On hearing news of Friday night’s terrible car crash in Somerset, I felt a shudder down my spine. Whatever the cause – the distraction of an over-charged firework, an “I can see through fog” maniac, an over-tired driver – the government is right to use this accident as an excuse for a proper look at our roads policy. Yet I guarantee that whatever hot air is spouted in the Commons this week, nothing will be done about the terrible state of our long-neglected transport infrastructure.

Now I know the following rant won’t be universally accepted, but I guarantee it’ll be popular. Indeed, if I were standing for parliament right now I’d be swept in on a landslide. For what I’m about to say makes common sense: and that’s one thing that successive governments have lacked for the last sixty years when it comes to Britain’s transport policy. That’s why we have the worst infrastructure in Europe, our trains the most expensive, our roads such an embarrassment. And that’s why crashes like Saturday’s will become ever more frequent.

I know that stretch of the M5 well: I used to own a cottage in South Devon. When I bought the house in 1983, the road was a smart new highway and I used it every weekend. It took less than four hours to get down from London on a Friday night. By the nineties, the journey time had reached seven hours or more, so I sold the house. It had become a journey from hell.

Our entire motorway network is far too small. Three lane motorways should have been abolished in the 90s, but they’re still considered a luxury – and far too grand for the North East. Up here in Newcastle, we’re supposed to make do with the pathetic two-lane A1(M) – no wonder the M is in brackets.

Driving to London is a lottery. It’s less than 300 miles, so you’d think at 70 miles an hour it should take just 4½ hours. Those who’ve done the journey recently will scoff: allow six or seven and you might just see the edge of Luton.

So what? say the soggy environmentalists. You should take the train. With what? An East Coast “Anytime” standard return now costs 48 pence a mile.

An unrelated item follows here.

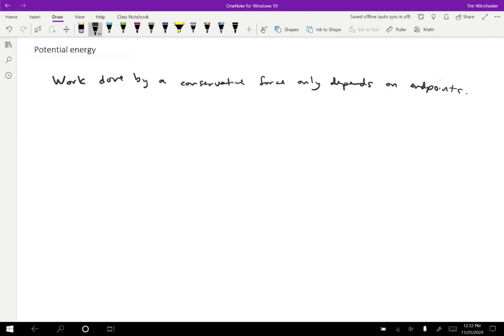And because of that, we don't have to worry about the specific path that an object moves through when work is done on it. We can think of the work as changing the state of a system.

By comparison, the diesel in my car costs me 13 pence a mile: it’s a no-brainer.

But I don’t take the car, because I have no idea how long the journey will take. Instead I search the internet for a cheaper advance purchase train ticket, which means the railway dictates my schedule, rather than the other way round. The train will likely be packed, because Britain’s passenger volume has rocketed by 41% in the last ten years, but capacity has increased by just 17%. Meanwhile this government has cancelled plans for sufficient new carriages to cope with demand.

There’s a simple solution. It’s so blindingly obvious, only a politician or a Department of Transport civil servant could fail to spot it. It’s tried and tested. And it works.

Scrap car duty. Yes, get rid of this pointless tax completely. Instead, make every motorway in the country a smart, wide toll road. It worked in France: it would work here. Where a motorway passes a city, make the outside lane a car-sharing lane, only for vehicles carrying passengers.

Start building right now, and watch our unemployment rate fall. Private finance will happily fund it, so it won’t cost the taxpayer a penny. Private operators will bid for the franchise to run them, thereby raising enough cash to fund an increase in train rolling stock capacity. At the same time, set a ceiling on all standard rail fares at 20 pence per mile. That will bring our prices in line with the rest of Europe, and the ongoing cost will be met by a levy on profits from the toll roads.

Overnight, gas-guzzling cars will be discouraged, people in rural communities who need their cars will have extra money in their pockets, the motorways will be wide, clear and safe, and train trips to London will be easy, quick, and cheap.

Job done. Can I count on your vote, then?